PDF, DjVu, scanned pages, text and line art vs. continuous-tone images (was Re: Many things)

From: Eric Smith <eric_at_brouhaha.com>
Date: Mon Jan 31 14:13:27 2005

I wrote:
> By default, DjVu uses lossy compression, which is
> significantly smaller.

Jim wrote:
> To be fair, DjVu lossy-encodes the graphics, not the text. One of the
> "selling points" of the format is that B&W text is kept on its own
> lossless layer.

If so, that's apparently a recent change. When I experimented with the
demo of the commercial product about 18 months ago, it definitely was using
lossy coding on the entire image. When I used it to encode a bitmap
of a page of text (from a TIFF encoded with lossless G4 coding) into
a DjVu file, and extracted it again, it was not able to reconstruct
pixel-identical output. I xor'd the original with the extracted file,
and there were differences at all of the character edges. It is my
belief that this is why it was able to store the file in only about
70% of the space occupied by the G4 lossless version.

I'm not disputing that the DjVu format is *capable* of doing what you
say, but in my experience that's not what the available software actually
did.

Jim wrote in another message:
> DjVu has other advantages, such as local/window/viewport decoding of
> images with ludicrously high dimensions/resolutions but I understand
> your point.

I'm not sure I fully understand, but it doesn't sound like anything
that the PDF format can't support. I would rather invest effort into
improving the capabilities of free PDF viewer software such as xpdf
rather than pushing a different standard.

> Where are the tools to create DjVu-like PDF files?

I've been doing it myself with an experimental version of my "tumble"
program. With that, it's an entirely manual process. I have to split
the continuous-tone images into a separate layer or file using a
separate editor (such as Gimp). Then I use tumble to compose a page
with the background as G4 and the images as JPEG.

I also am experimenting with using this for pages that are only text
and line art, but that have a few colors. For instance, DEC manuals
that had user input printed in blue. I separate the blue text into
another layer, and G4 encode it separately from the black text. PDF
has an imagemask operator that can be used to draw a blue rectangle
the size of the whole page, but clipped to the blue G4 image. Acrobat
reader handles this correctly, but some other PDF processing programs
do not.

I hope to automate the multi-color text problem in tumble using code
derived from Tim Shoppa's "timify.c". Automating the detection and
processing of continuous tone images is in my plans as well, but further
out. There don't seem to be any good published algorithms for image
detection, so I'll have to experiment with it. As a first step I plan
to do 2D FFTs on areas of the page; text and line art should predominantly
have DC and high frequencies, while continuous-tone images should have
a more even frequency distribution.

So far I'm doing this work by scanning a page twice, once in bilevel and
once in greyscale or color.

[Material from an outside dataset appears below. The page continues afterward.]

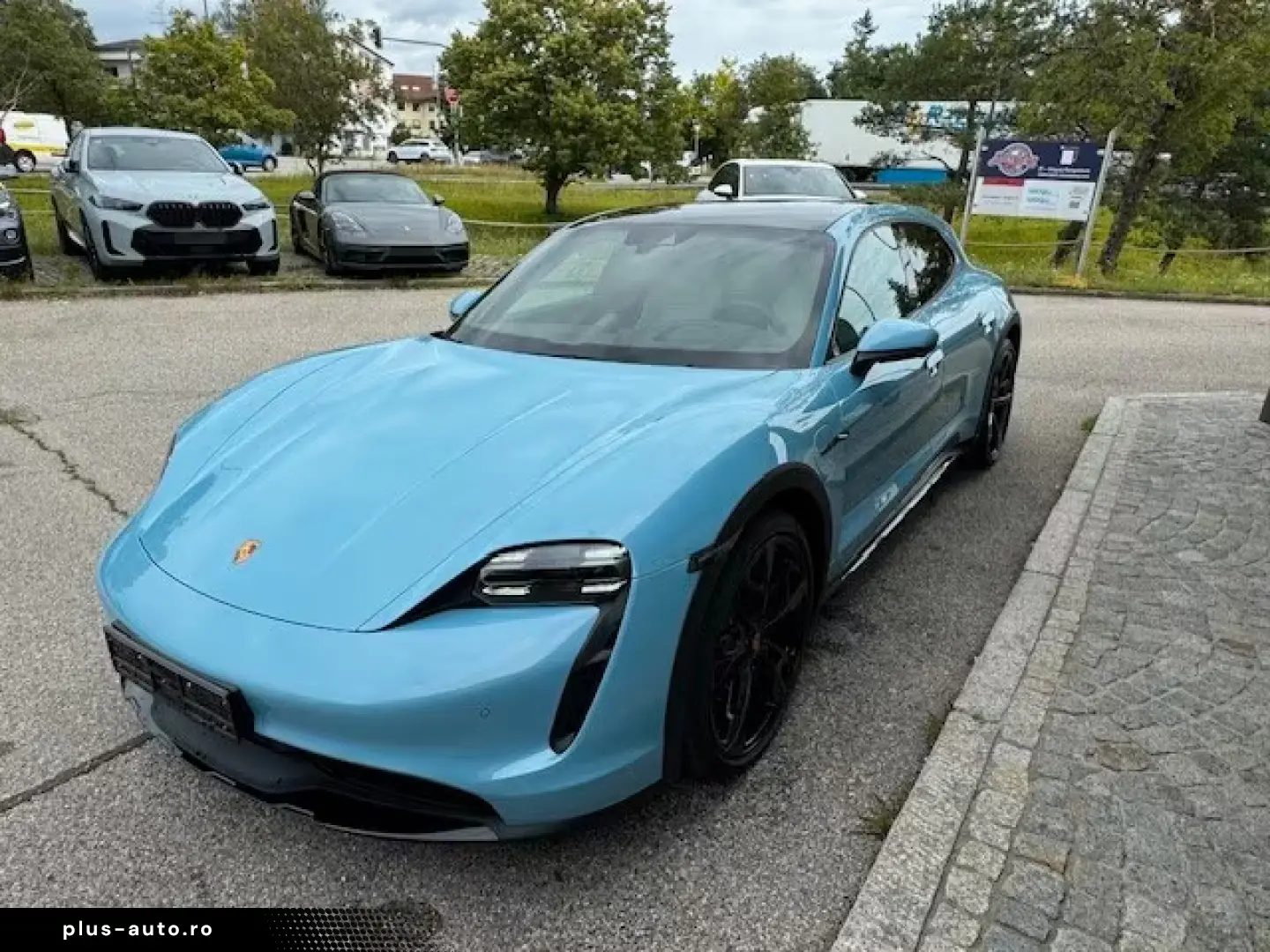 Porsche Taycan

I do that because the published algorithms
for converting greyscale text and line art to bilevel (thresholding) are
nowhere near as good as what's done in a good scanner. Picture Elements
makes a PCI card that can be used to do this (and even works with Linux),
but it's very expensive so I really want a software-only solution.

But the experimental version of tumble is still very buggy and not
yet publicly released, so it won't help you any.

Acrobat can do the manual approach as well, if you use a separate editor
to split the page into layers, and import each layer separately.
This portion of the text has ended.